The Cheesecake Factory's décor really is whatever the designers felt like including

The Cheesecake Factory was already a success when veteran designer Rick McCormack came on board in 1992, having expanded outside its Los Angeles origins in 1990 with a location in Washington, D.C. But those early restaurants didn't have the same bizarre yet oddly comforting visual flair we now associate with the place. That was the work of McCormack — working in conjunction with David Overton, the company's still-CEO.

McCormack himself admits the style might not sound good if you've never experienced it, telling Eater, "If I try to describe to you what it looks like, you'd probably think it was one of the most horrible-looking places around." 

He's not wrong; though no two The Cheesecake Factory locations are quite the same, they all seem to share a riot of influences from Egypt to Victorian England to frescoes reminiscent of Central Europe. According to McCormack, the Egyptian style was mainly because Overton always thought Egyptian stuff looked cool. That's it; that's the whole reason.
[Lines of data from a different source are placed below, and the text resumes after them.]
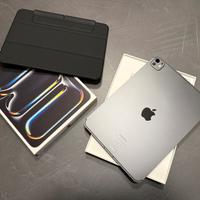 Ipad pro 11 M4 256gb wifi cellular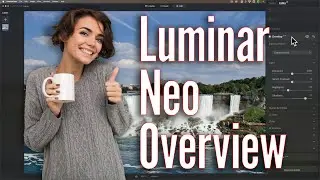 Luminar Neo for BEGINNERS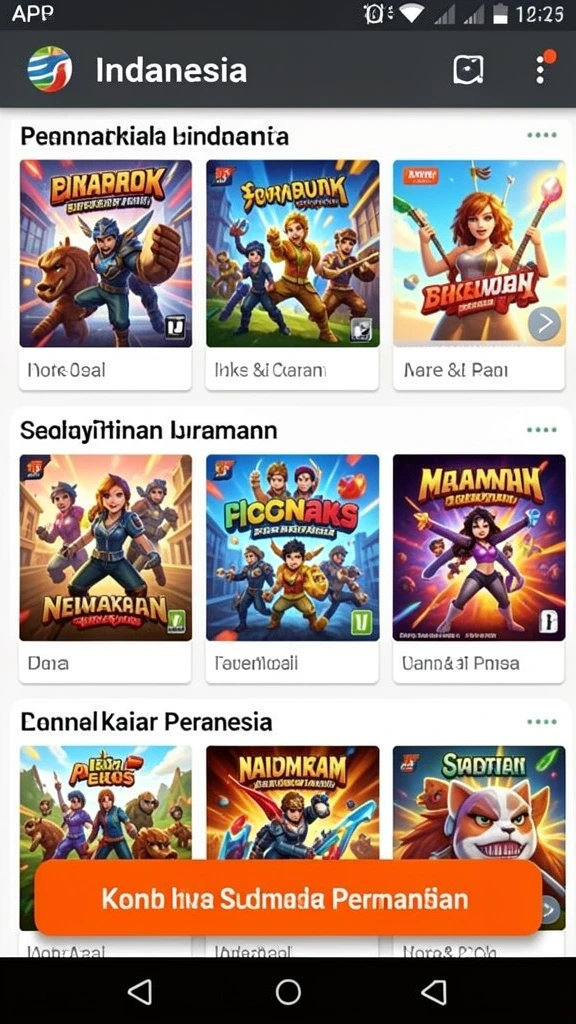 Fitur bonus putaran gratis yang mengasyikkan.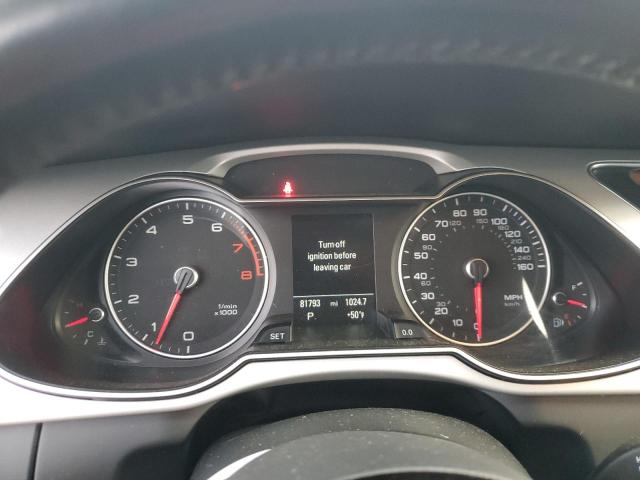 Photo 9 from auction – 2016 AUDI A4 PREMIUM with VIN WAUBFAFLXGN014738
The Cheesecake Factory locations even vary in design from one to another

The diversity of design, meanwhile, was likewise a deliberate choice. While most American chain restaurants have rigidly-defined design aesthetics, one The Cheesecake Factory location always looks at least a little different from another because McCormack and Overton never wanted their restaurants to stagnate visually. It makes sense; much like the lengthy menu, the weird and idiosyncratic designs are intended as conversation pieces as much as they are fun exercises in design creativity. Though the signature Egyptian columns are common to most locations, even they get swapped out for the chain's flagship locations, such as Las Vegas, where they're replaced with mosaic-style columns.

Though McCormack has since moved on from the company, now running his own design studio, Studio McCormack, The Cheesecake Factory hasn't stopped its weird quest to unite seemingly every design element under the sun. Sure, sometimes it can kind of feel like you're eating while being stared down at by the Eye of Sauron, but you can't argue it's ever dull.